##### Input data #####
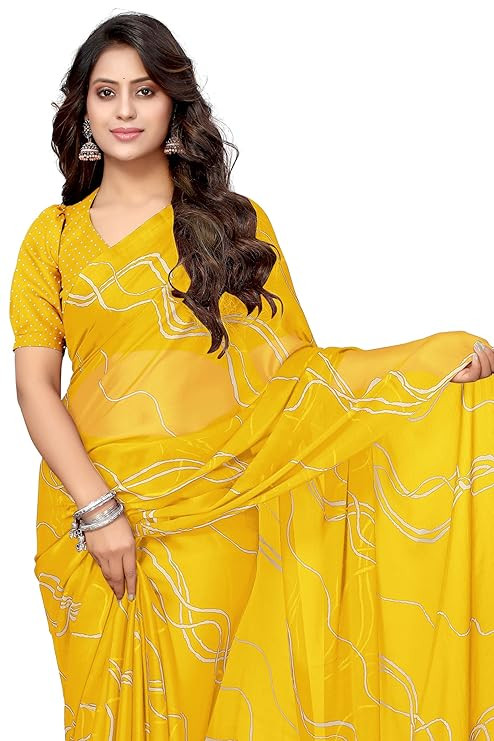 MIRCHI FASHION Saree for Woman Chiffon Georgette Geometric Printed | Lightweight Farewell and Women's Office Sari with Blouse Piece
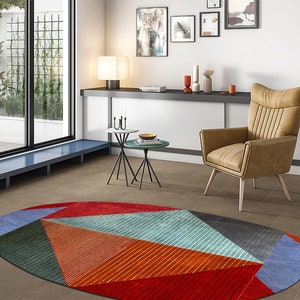 Area Rug 8x10 7x10, 6x9 Geometric Wool, Handmade Tufted, 6x8 Bedroom Carpet, Oval Shape, Living Room, Hallway Carpets image 6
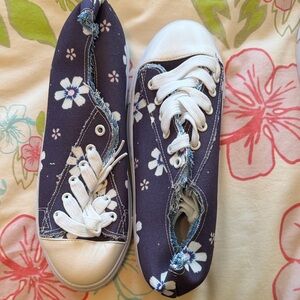 Floral Canvas Sneakers - Navy and White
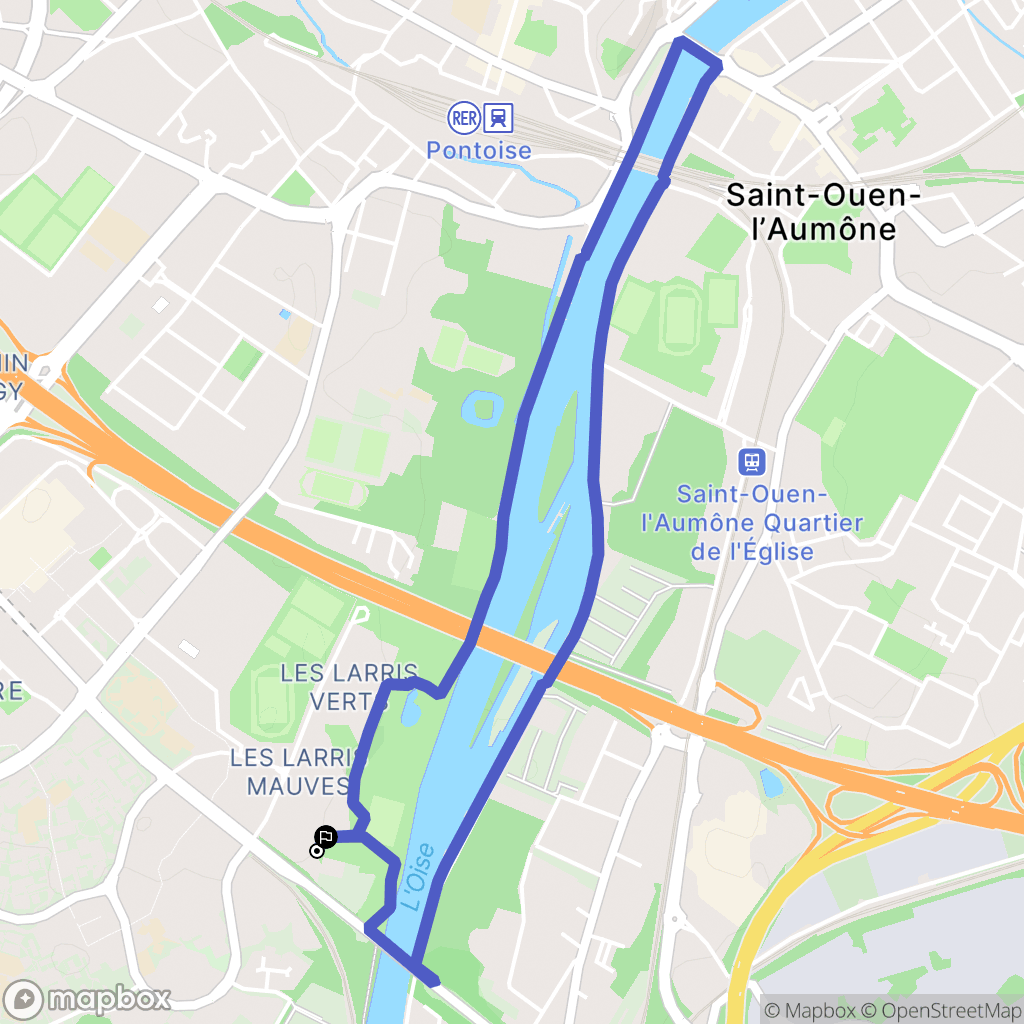 Pontoise : carte du parcours de randonnée - France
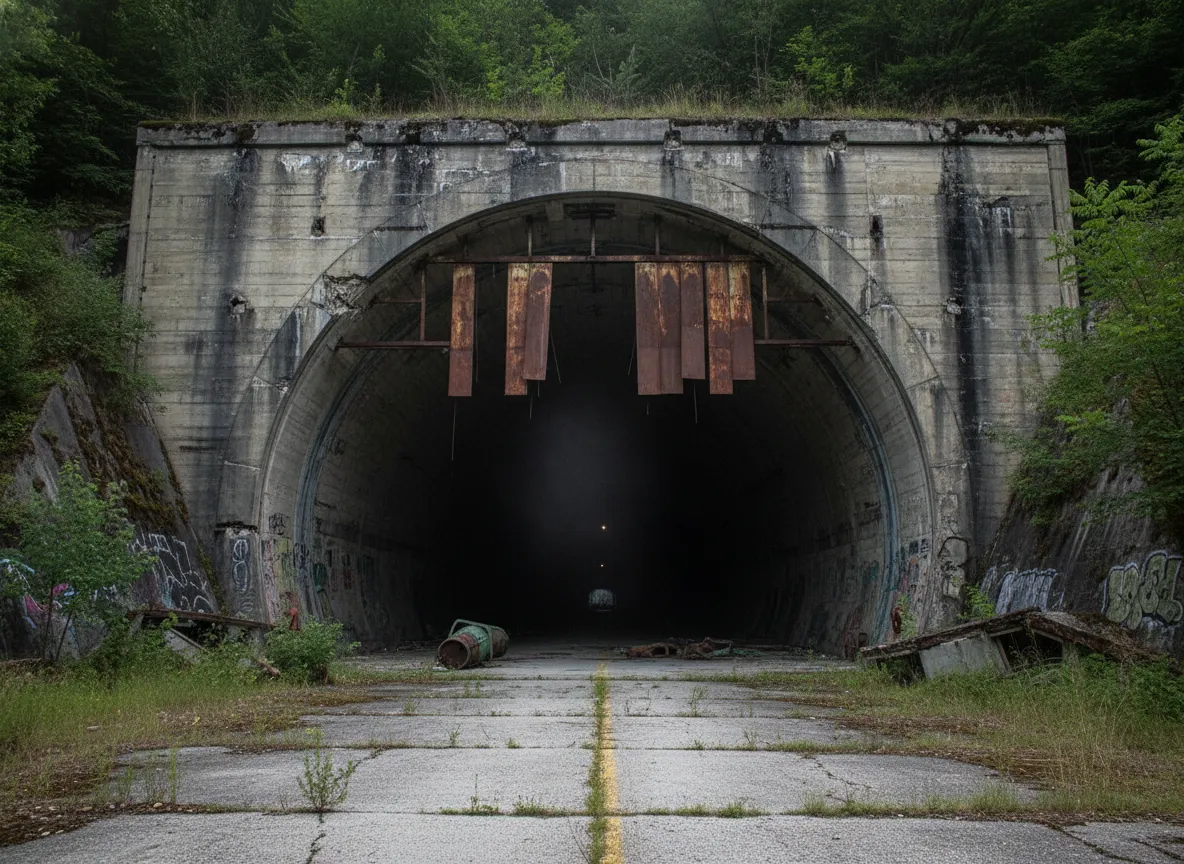 Vast, dark tunnel inside Željava Air Base, showing its immense scale and decaying infrastructure.
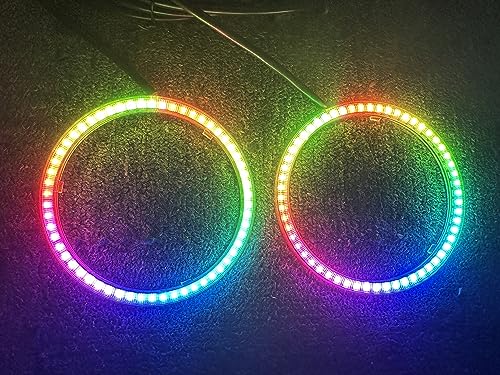 2PCS 70MM Dream Color Chase Car Angel Eyes LED Halo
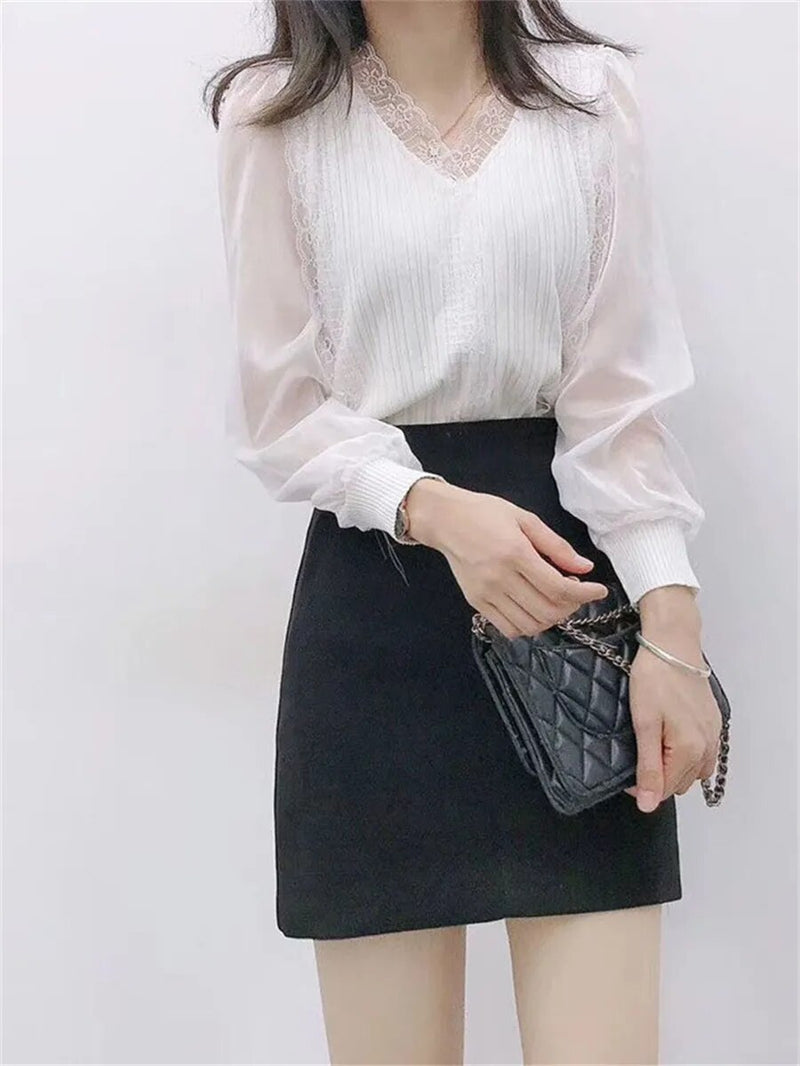 Top à dentelle et effet transparant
#####
Task goal >> In the listing, find the line containing "Area Rug 8x10" and repeat it and every later line through the last one, word for word, excluding the pictures.

Solution to the problem >>
 Area Rug 8x10 7x10, 6x9 Geometric Wool, Handmade Tufted, 6x8 Bedroom Carpet, Oval Shape, Living Room, Hallway Carpets image 6
 Floral Canvas Sneakers - Navy and White
 Pontoise : carte du parcours de randonnée - France
 Vast, dark tunnel inside Željava Air Base, showing its immense scale and decaying infrastructure.
 2PCS 70MM Dream Color Chase Car Angel Eyes LED Halo
 Top à dentelle et effet transparant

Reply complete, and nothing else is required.